Die Kalamkari-Tempeltücher sollen Gottheiten und Geschichten ihres Wirkens sinnlich vor Augen führen. Je nach Format als Wandbehang, Baldachin, Banner und Fahne oder zum Schmuck von Prozessionswagen verwendet, markieren sie einen sakralen Raum. Sie bieten eine verdichtete Präsenz des Göttlichen und haben zugleich eine narrative Funktion. Sie dienen der Erbauung, Veranschaulichung und Erinnerung. Es gibt Tücher, die einzelne Gottheiten darstellen. Diese sind frontal ins Bild gesetzt, damit der für die Verehrung notwendige Blickkontakt, darshan, gewährt ist. Andere Kalamkari, meist grossformatige, mit zum Teil ausführlichen Beschriftungen versehene Stücke, sind in mehreren Registern organisiert, die horizontal um ein grosses zentrales Panel verlaufen. In aufeinander folgenden Bildern illustrieren sie Geschichten aus den Puranas oder den grossen indischen Epen Mahabharata und Ramayana. Die stärkste Wirkung geht bei diesen Tüchern vom imposanten Mittelstück aus, einer szenischen Verdichtung des Themas. Die kleineren Darstellungen sind wie Buchzeilen dem Erzählfluss entsprechend von links nach rechts und von oben nach unten verlaufend angeordnet.

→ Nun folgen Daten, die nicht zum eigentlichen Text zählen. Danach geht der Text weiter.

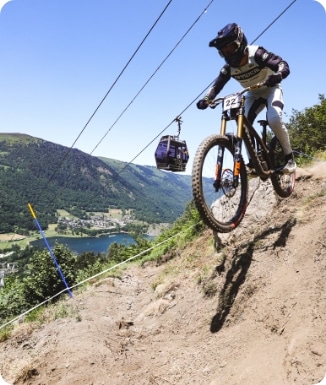 A mountain biker enjoys a ride in the beautiful terrain of Peyragudes in Hautes-Pyrénées France with a quaint chalet visible in the backdrop.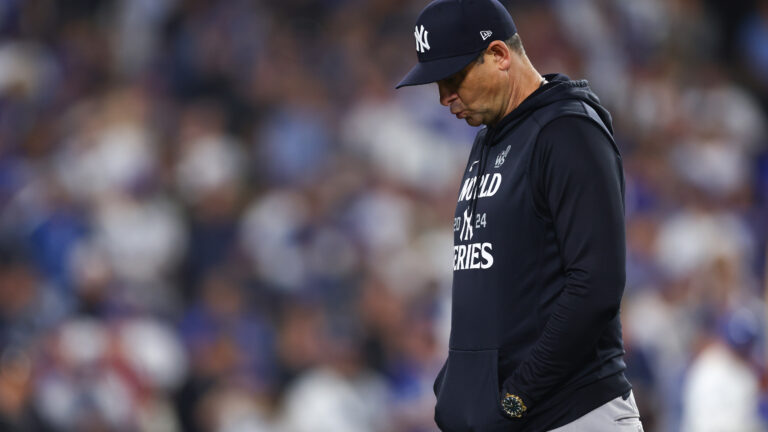 LOS ANGELES, CALIFORNIA - OCTOBER 25: Aaron Boone #17 of the New York Yankees walks to the mound in the seventh inning against the Los Angeles Dodgers during Game One of the 2024 World Series at Dodger Stadium on October 25, 2024 in Los Angeles, California. (Photo by Maddie Meyer/Getty Images)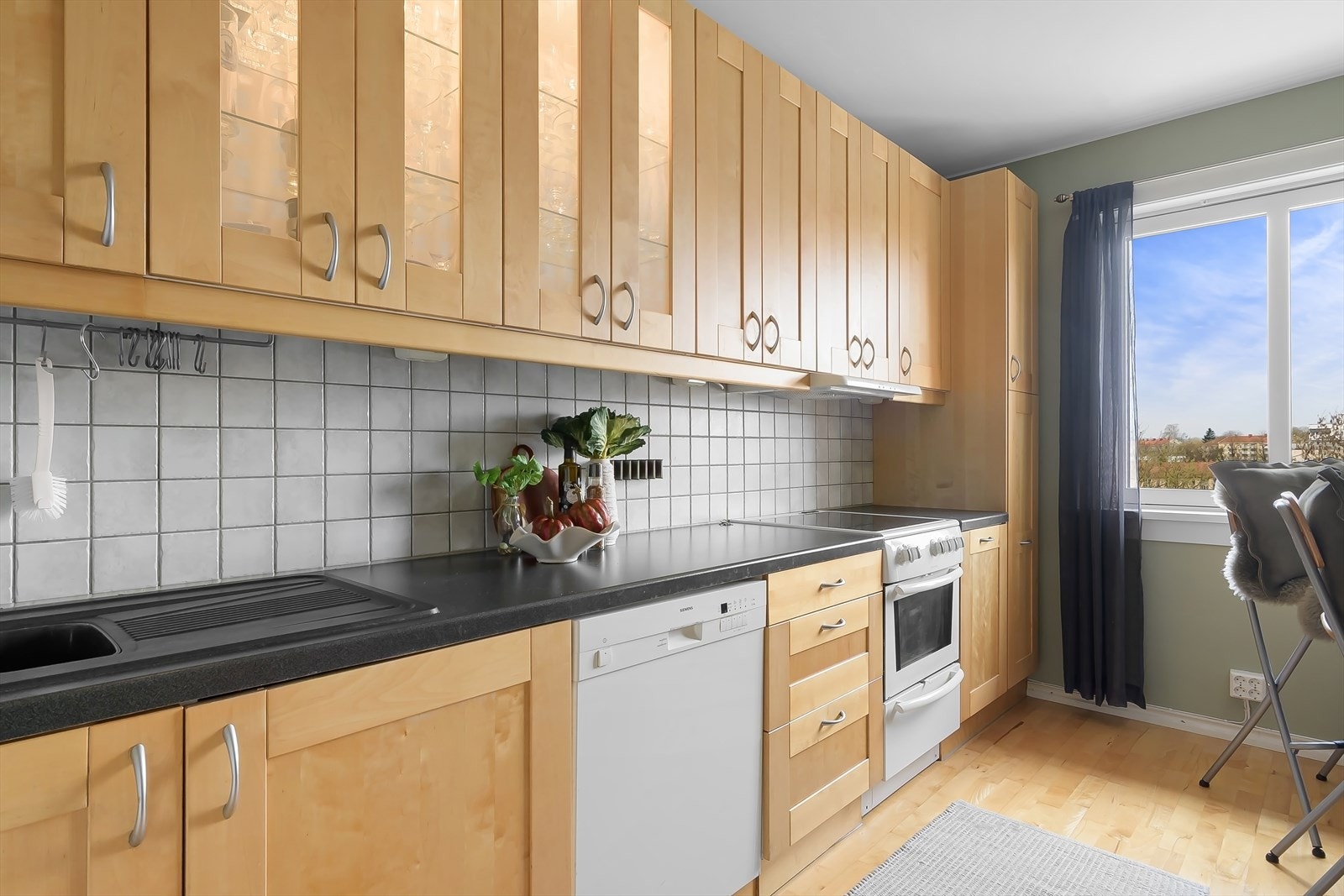 Kjøkkenet ligger praktisk separat fra stuen. Pen innredningen har profilerte heltre fronter og laminat benkeplate som gir gode arbeidsflater. Fliser på bakvegg gjør det enkelt å holde rent. Galleribilde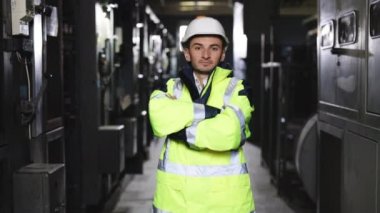 Kafkas ağır sanayi işçisinin zoom portresi. İnşaat alanında çalışırken kameraya güvenerek gülümsüyor. Yüksek voltajlı elektrik santrali. Elektrikçi, elektrik işçisi..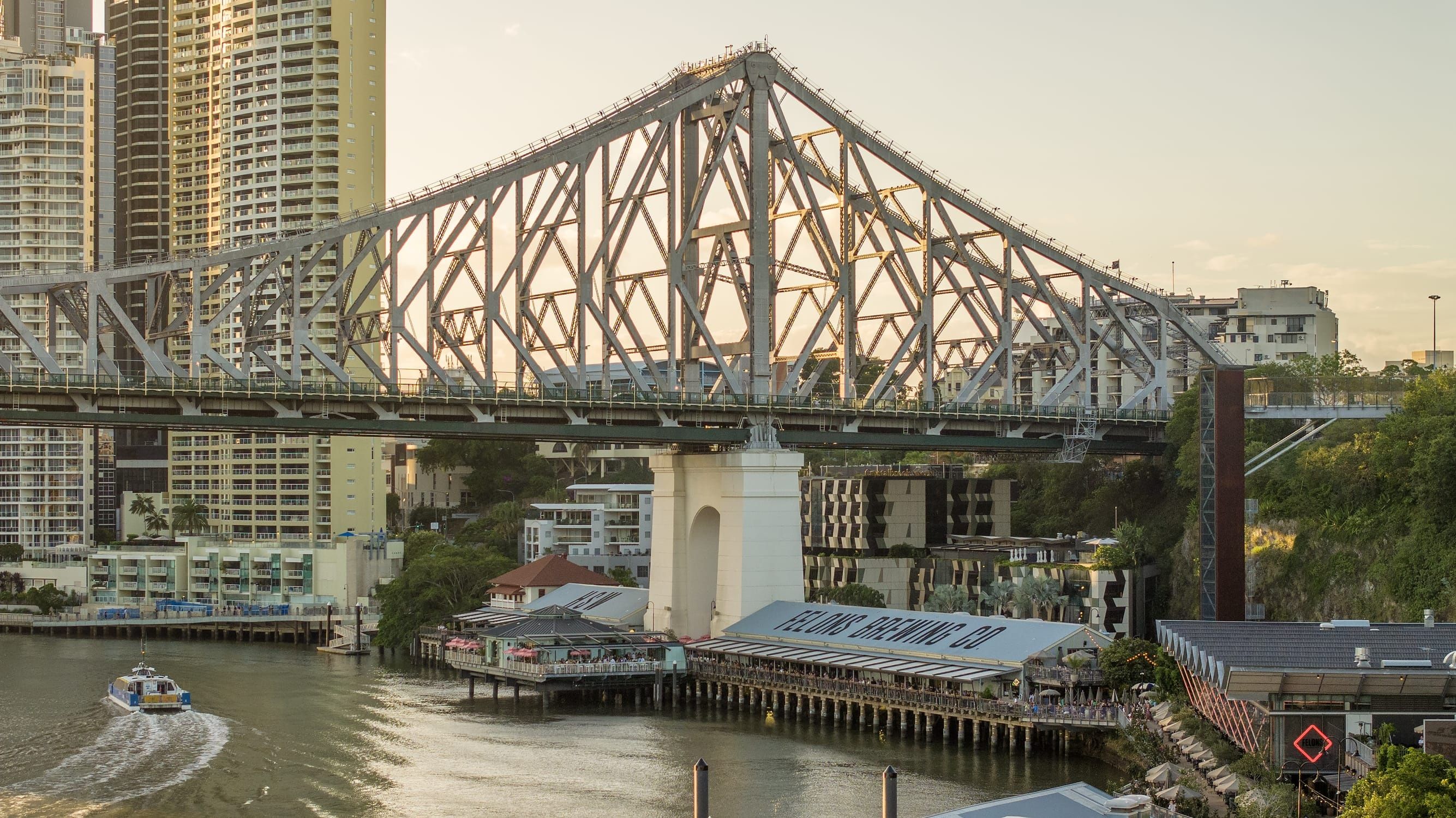 Aerial view of riverfront precinct Howard Smith Wharves, Story Bridge and city skyline as a CityCat ferry travels up the river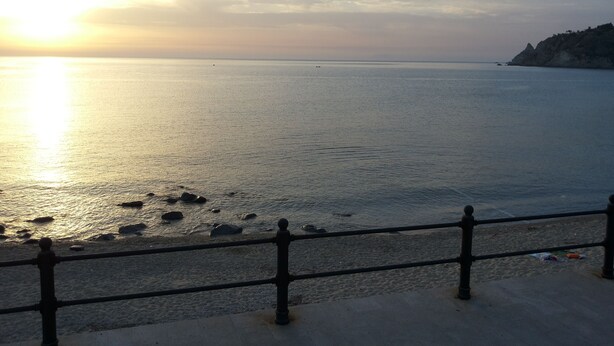 A coastal view with a metal railing in the foreground, a calm sea, and a distant rocky coastline under a clear sky. - B&B Il Nido (Ricadi)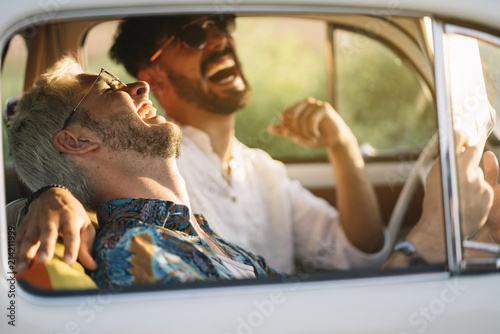 Cheerful gay couple reading map in car photo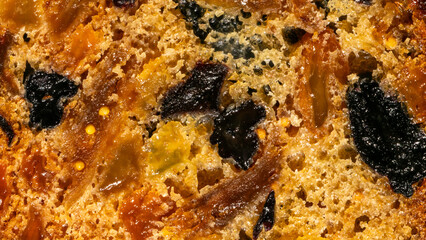 Golden-brown fruitcake texture, spiced whispers of Yule traditions, vibrant morsels nestled like...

Das Völkerkundemuseum hat einen vielfältigen Bestand an Tempeltüchern aus Tamil Nadu und Andhra Pradesh, die ästhetische und stilistische Konventionen dieser malerischen Tradition veranschaulichen. Diese Kalamkari gelangten zu unterschiedlichen Zeitpunkten nach Zürich: 1926 erwarb der damalige Direktor des Hauses, Hans Wehrli, einige Tuchbilder, dies in der Absicht, für die universitäre Lehrsammlung die hinduistische Götterwelt in unterschiedlichen Medien und Ikonographien zu repräsentieren. Die in Madras (dem heutigen Chennai) gekauften Stücke stammen aus zwei bedeutenden Zentren sakraler Kalamkari-Produktion, Sikkinaickenpet am Kollidam-Fluss und Srikalahasti. Rund sechzig Jahre später, 1987, bot sich die Gelegenheit, diese qualitativ hochstehende kleine Gruppe um ein grösseres Ensemble jüngerer Tücher aus Srikalahasti zu ergänzen. Neben Repräsentationen einzelner Gottheiten kam damals auch eine Reihe von narrativen Malereien ins Museum.
Die Sammlung darf in ihrer historischen Tiefe für die südindische Kalamkari-Kunst als repräsentativ gelten. Sie wird in der Ausstellung – in einer Qualität und Formenvielfalt berücksichtigenden Auswahl – der direkten Betrachtung zugänglich gemacht.